Please restate word for word each line from the one containing "42 State Road, Unit" to the last line of the records below, and drop the pictures.

━━ DATA FOR THIS EXERCISE

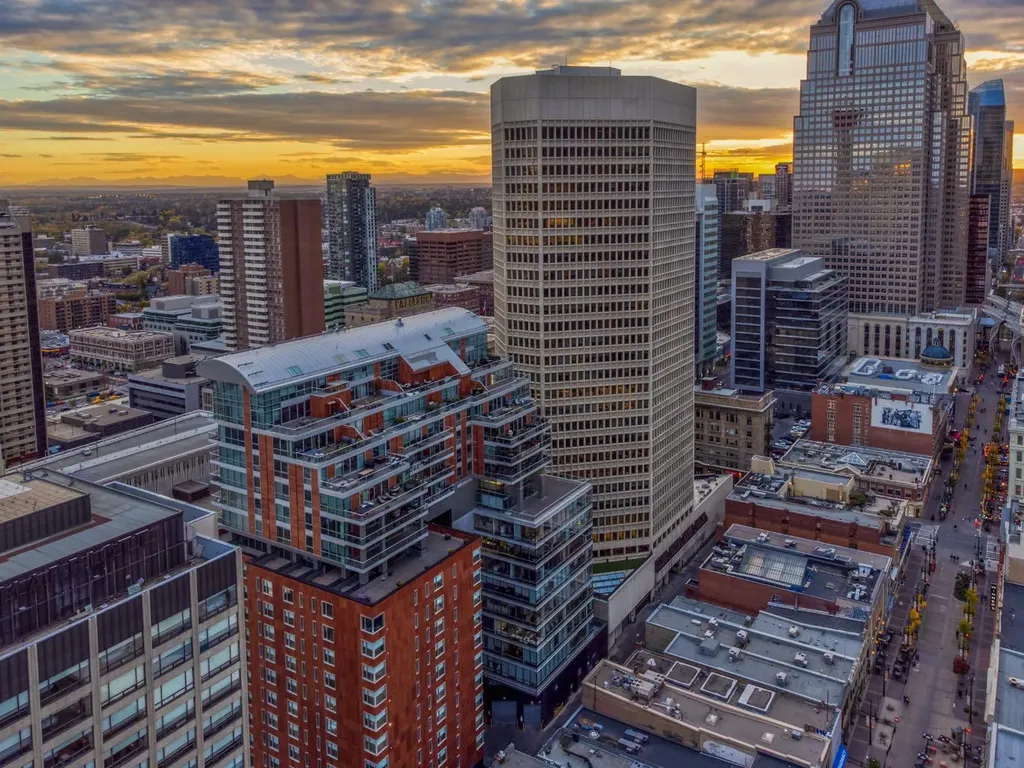 108 9 Avenue SW Calgary AB T2P 0S9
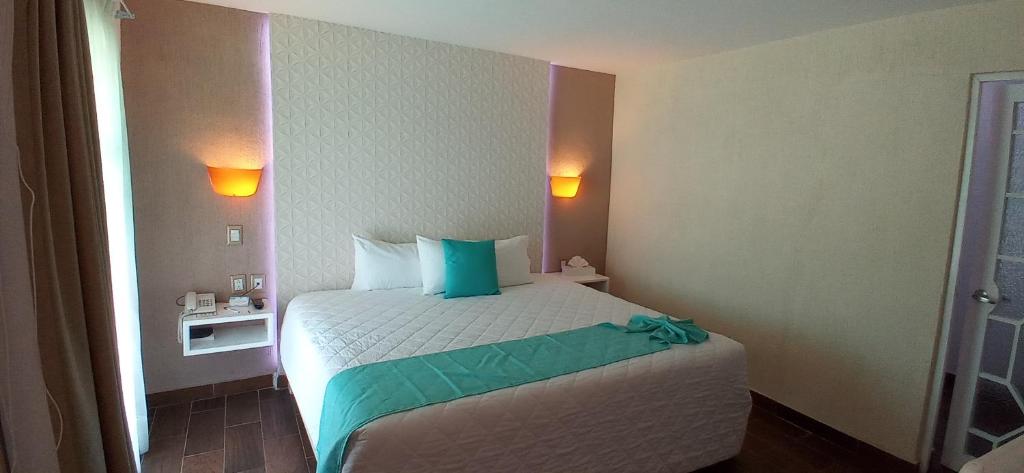 Hotel Medrano Temáticas and Business Rooms Aguascalientes - 
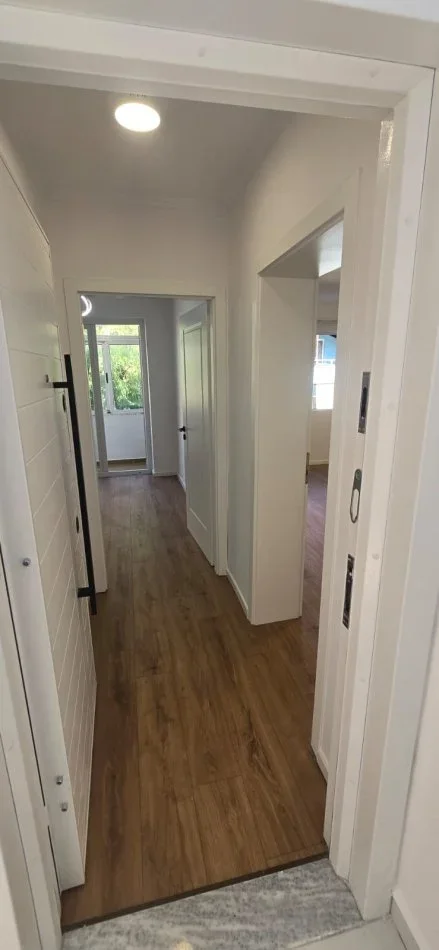 Tirane, shitet apartament 1+1 Kati 3, 42 m² 135.000 € (Myslym Shyri prane Gjykates)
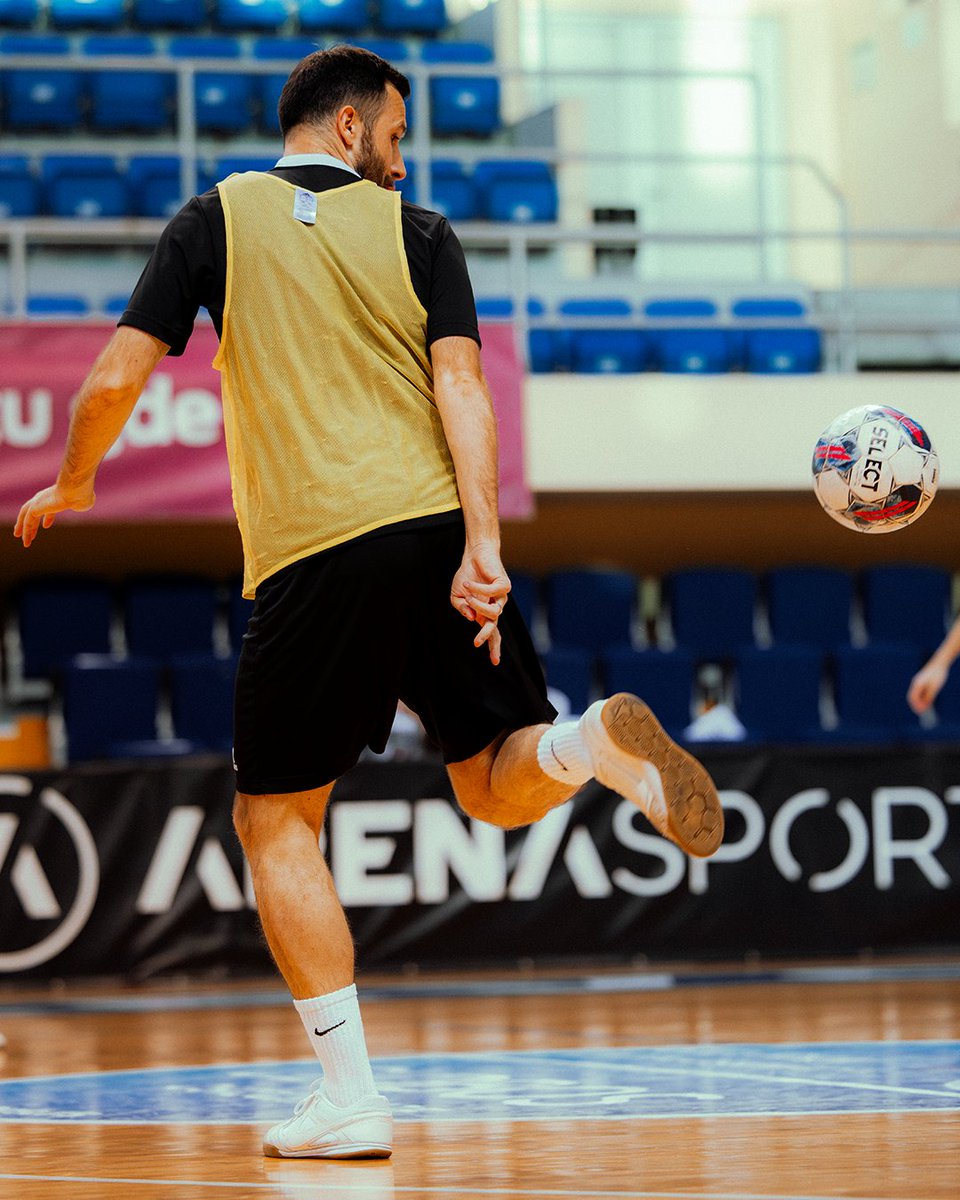 PartizanFutsal's tweet photo. 🔥Warm up! https://t.co/R5df0iathh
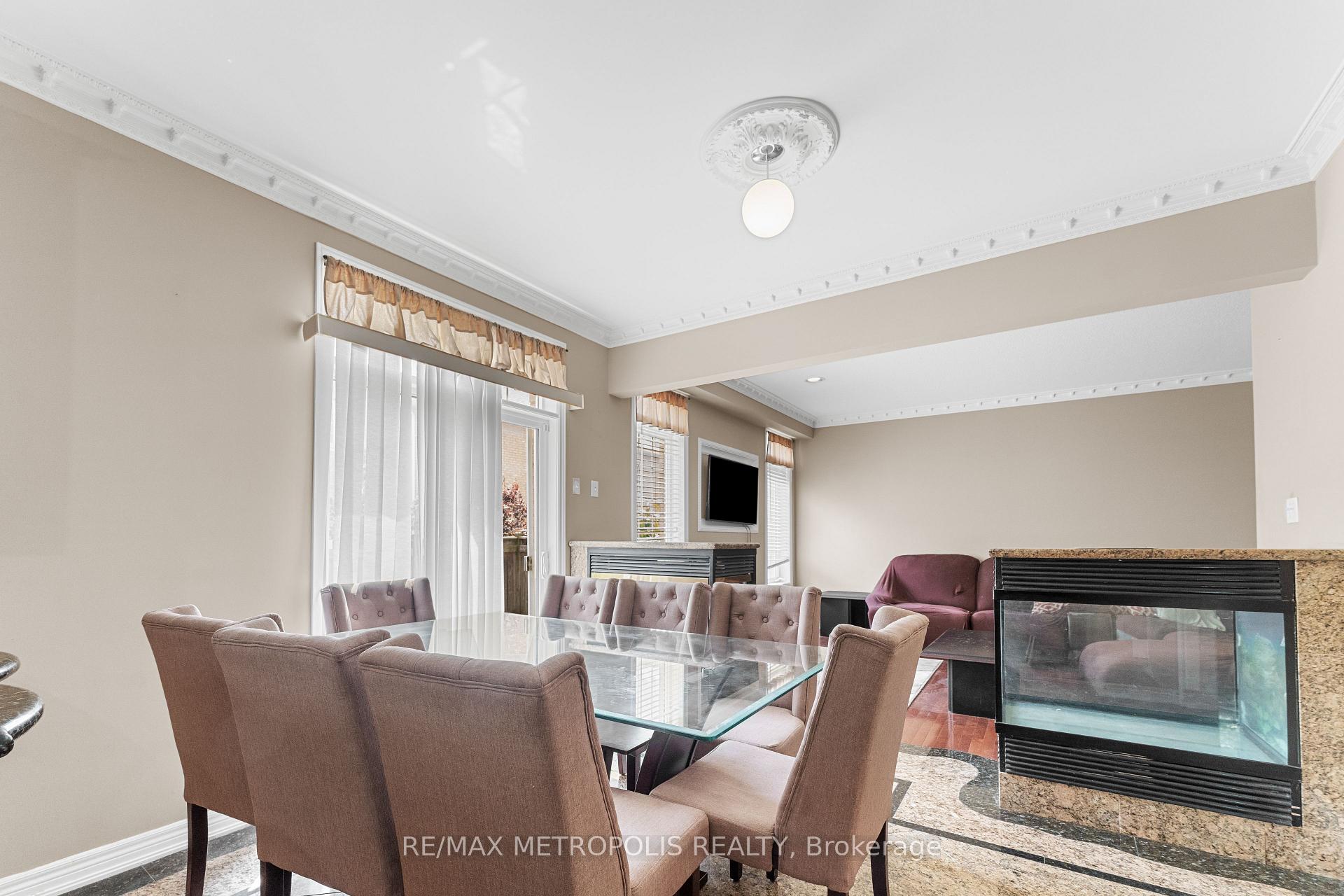 Photo 15 of 1 St Etienne Drive, Vaughan, Vellore Village — HOMEH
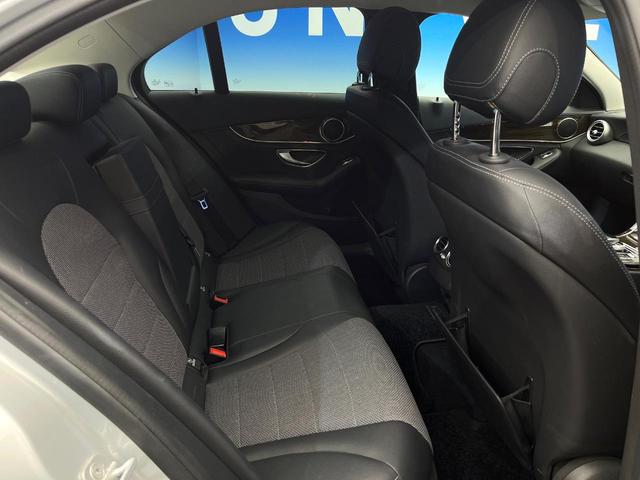 Ｃクラス Ｃ２００アバンギャルド　ベーシックＰＫＧ　レーダーセーフティＰＫＧ　ハーフレザーシート　前席シートヒーター　運転席メモリー付パワーシート　オートマチックハイビーム　プライバシーガラス　純正ナビ　バックカメラ　地デジＴＶ　禁煙（10枚目）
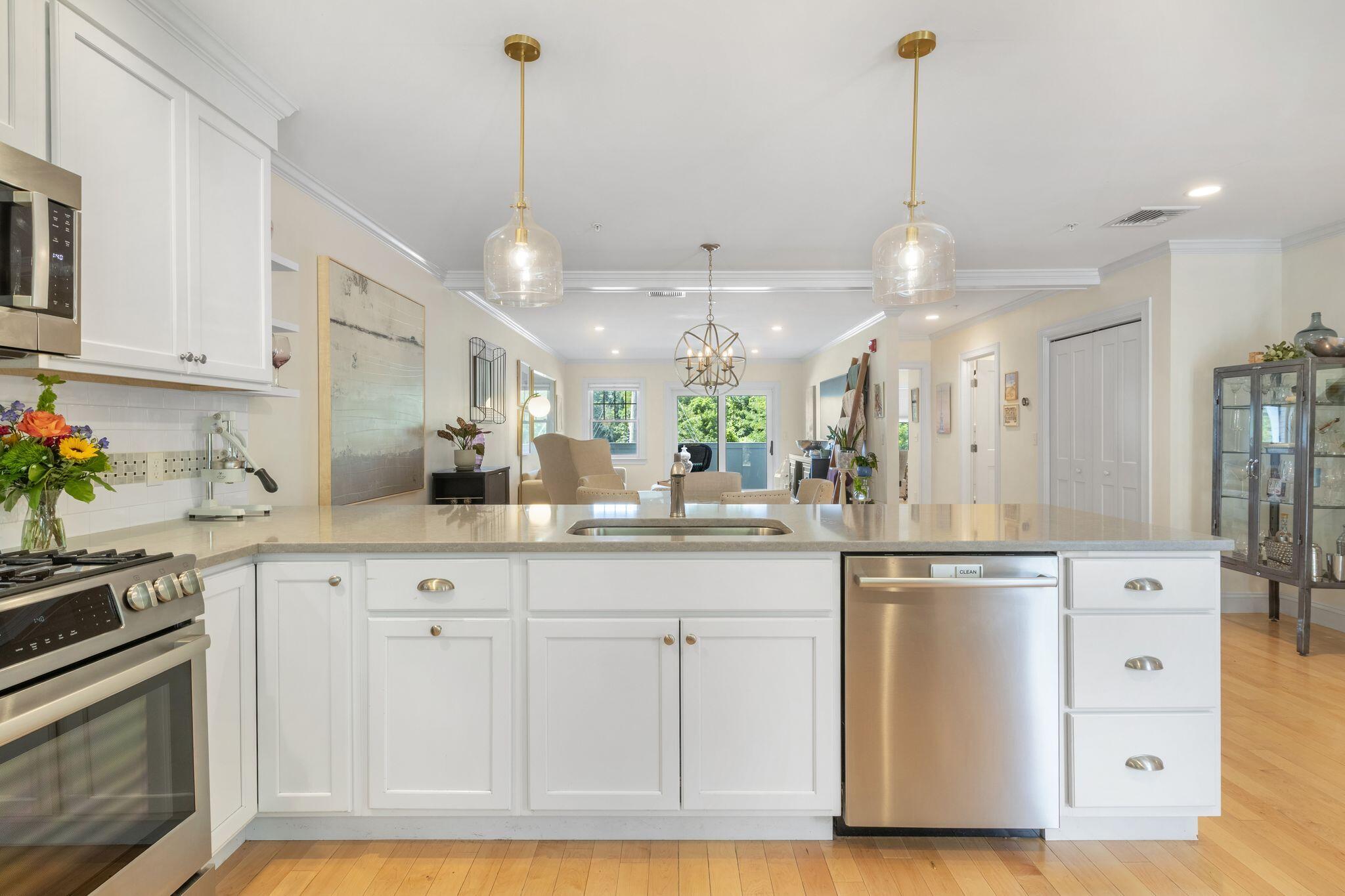 42 State Road, Unit 203 Kittery, ME 03904 - Photo 10 of 48 42_State_Rd_019
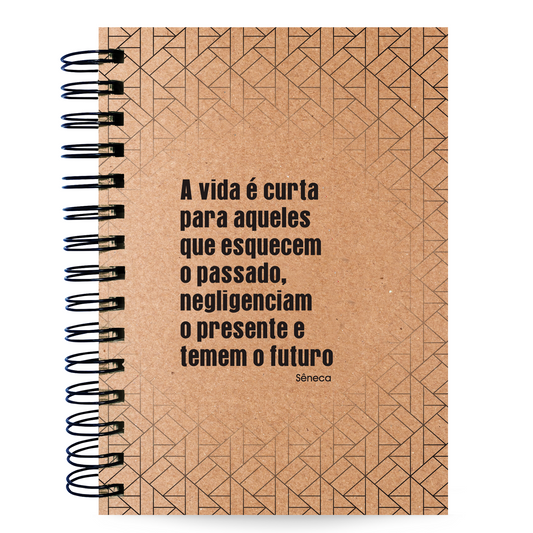 Caderno Pautado Estoicismo 125 Folhas 90g A5 Sêneca A Vida é Curta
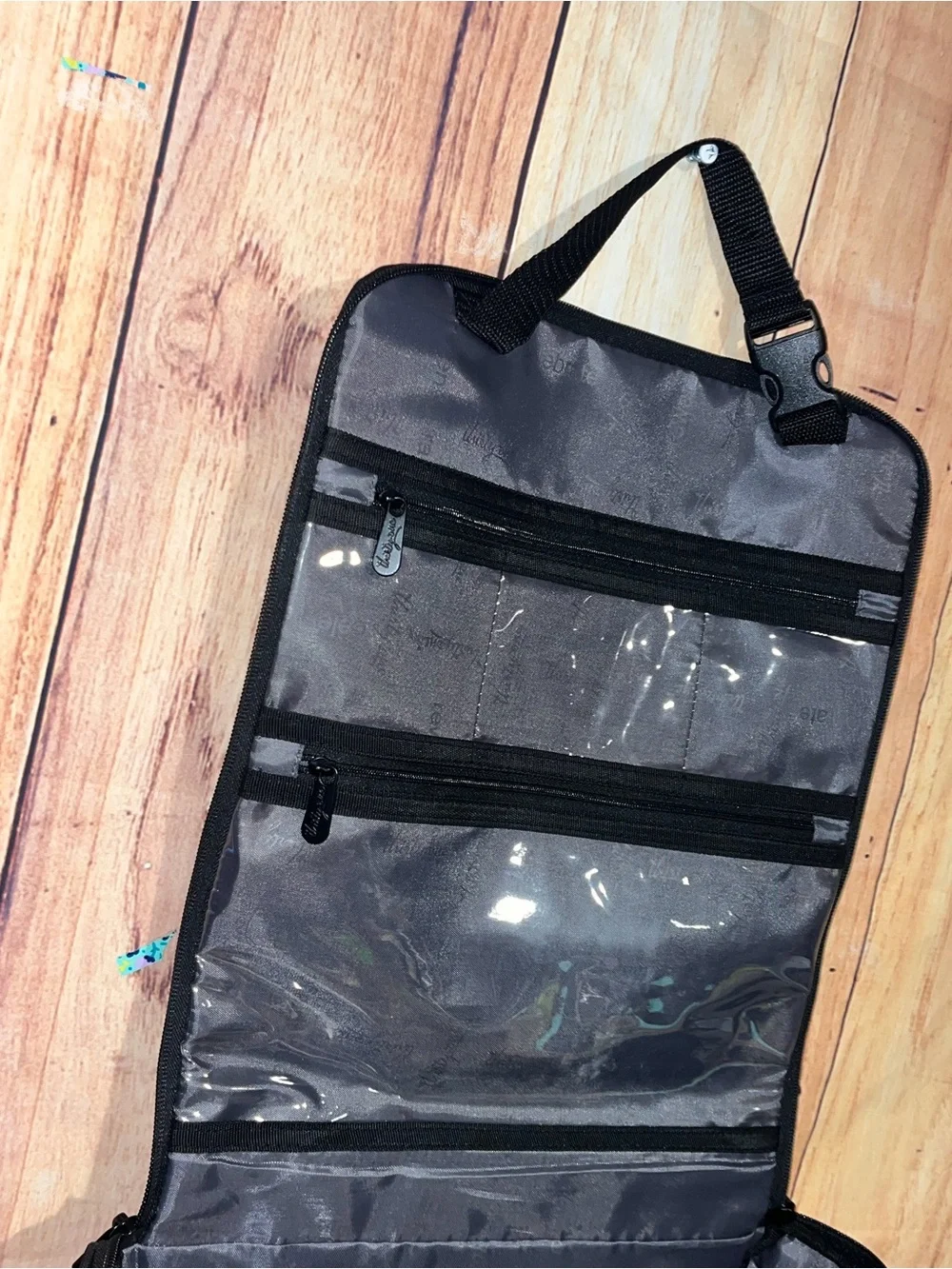 Thirty-One Deluxe Hanging Cosmetic Bag Travel Toiletry Big Dots Black & White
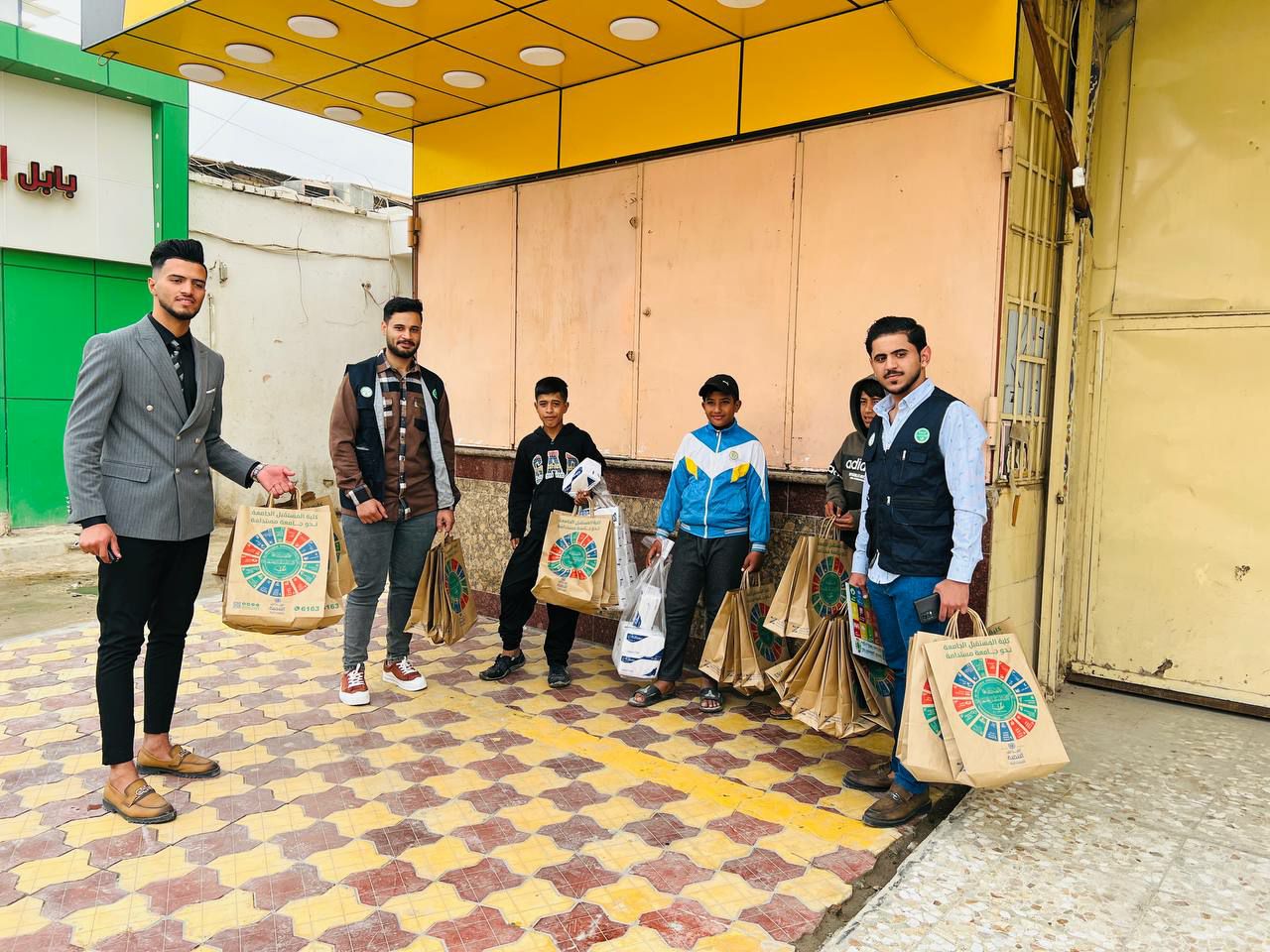 قسم التخدير يقيم حملة لمساعدة أطفال الشوارع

━━━━

EXERCISE RESULT |
 42 State Road, Unit 203 Kittery, ME 03904 - Photo 10 of 48 42_State_Rd_019
 Caderno Pautado Estoicismo 125 Folhas 90g A5 Sêneca A Vida é Curta
 Thirty-One Deluxe Hanging Cosmetic Bag Travel Toiletry Big Dots Black & White
 قسم التخدير يقيم حملة لمساعدة أطفال الشوارع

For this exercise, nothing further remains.